The one aspect of riqq that is completely irreconcilable with the regnant morals of today’s global West is the right of male slave owners to have sex with their female slaves, a right clearly stated in the Quran and the teachings of the Prophet. The Islamic legal tradition that Muslim jurists articulated and that Muslim judges applied, however, restricted men’s rights of sexual access to wives and slave-concubines if such conduct was harmful, a characterization that was determined by the customs of the particular society in question. Although legal slavery no longer exists and should not be revived, this presents us with a worthwhile hypothetical: in theory, the incongruity between the modern primacy of consent in sexual relationships and slave-concubinage in riqq could be bridged by this notion of harm (ḍarar). In a society that considered any non-consensual sex to be per se transgressive and harmful, a male owner’s right to sexual access to his female slaves would be restricted.

Muslim clerics were courageous in upholding the Islamic law on who could rightfully be enslaved and were passionately committed to Islam’s exhortation to emancipate slaves at the slightest pretense. Yet it was not until they encountered European abolitionism in the mid-nineteenth century that they considered eliminating riqq as an institution. Since then, Muslim scholars and intellectuals have developed a range of arguments, some mirroring Christian abolitionists, for justifying ending a practice that God and His prophet had allowed. One feeble claim was that Islam had never actually allowed slavery, while a second stronger one argued that banning slavery outright would have been impossible in the Prophet’s day, so God set Muslims on the path to do so gradually.
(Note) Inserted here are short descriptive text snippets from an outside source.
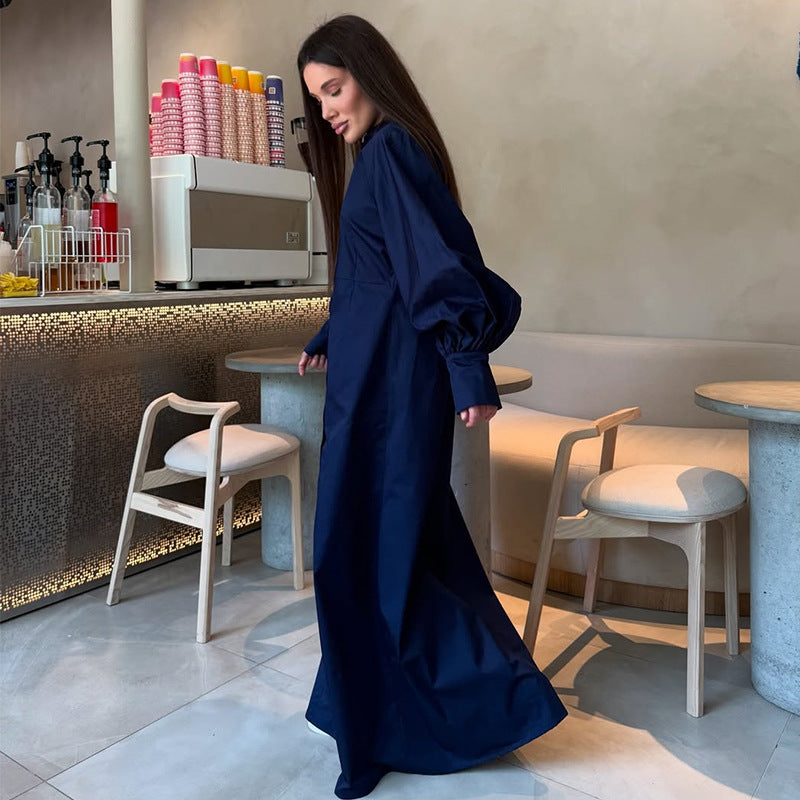 Damen Oversize-Hemdblusenkleid EB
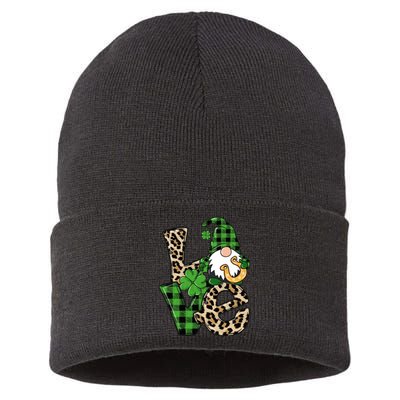 Love St Patricks Day Leopard Checkered Irish Gnome Sustainable Knit Beanie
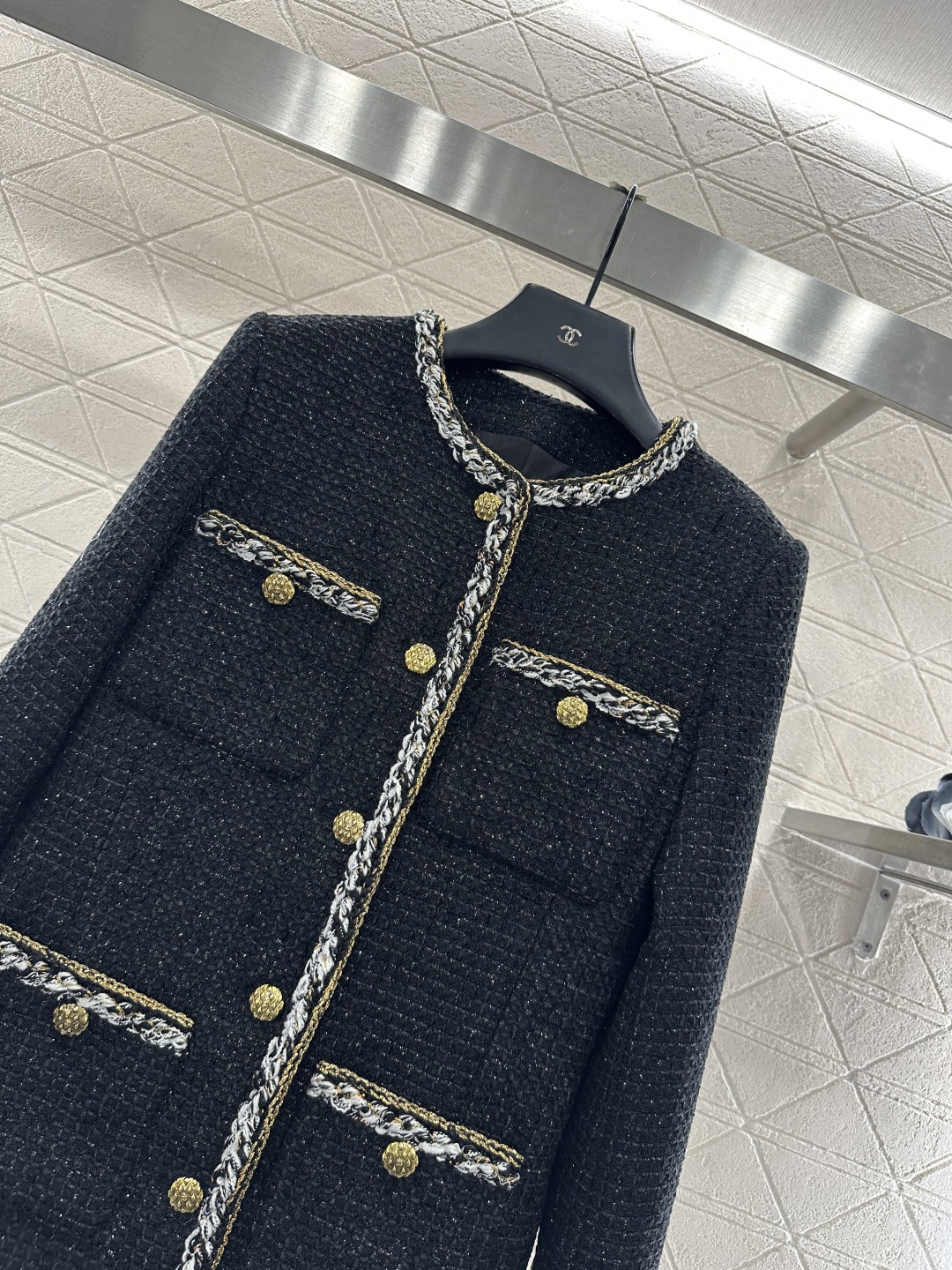 ♥Chane*♥2025新品上架 圆领捆边编织洋装长款外套定制YB进口粗纺羊毛呢材质，质感高级，品相十足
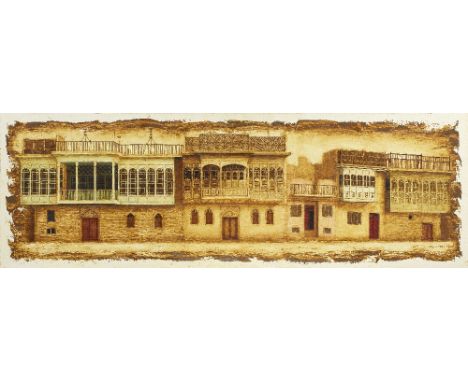 Lorna Selim (Iraq, 1928-2021)Architectural Composition  oil on panelsigned 'Lorna' and dated '1975-1993' in Arabic (lower rig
A third line of reasoning, which I find the most convincing, was that the Shariah, that ideal of God’s law in Islam, had always aimed at maximizing emancipation. In the modern period, this goal can best be achieved by joining efforts to eliminate all forms of enslavement. This argument is particularly compelling because the same anti-slavery sentiment that gradually won over hearts and minds in the West has also become a sincere conviction among many, if not most, Muslims worldwide. Other Muslim scholars have suggested that riqq is impermissible today because the circumstances under which it had been allowed no longer apply in our multilateral world order. Still others defend riqq as a practice that Muslim states might legitimately choose to suspend at present but that could be brought back into operation in the future.

Apology for Slavery?

Some might object to my referring to slavery as a conundrum: it’s not a conundrum, it’s evil, pure and simple, and any push to prolong the discussion is a move to defend it. This objection is understandable, but it misses the point. Slavery is not a conundrum because we feel some conflict about slavery’s moral standing. I am prepared to assume that anyone reading this book feels slavery is evil. It is a conundrum because voices we still consider either infallible, venerable or authoritative all either condoned or defended it.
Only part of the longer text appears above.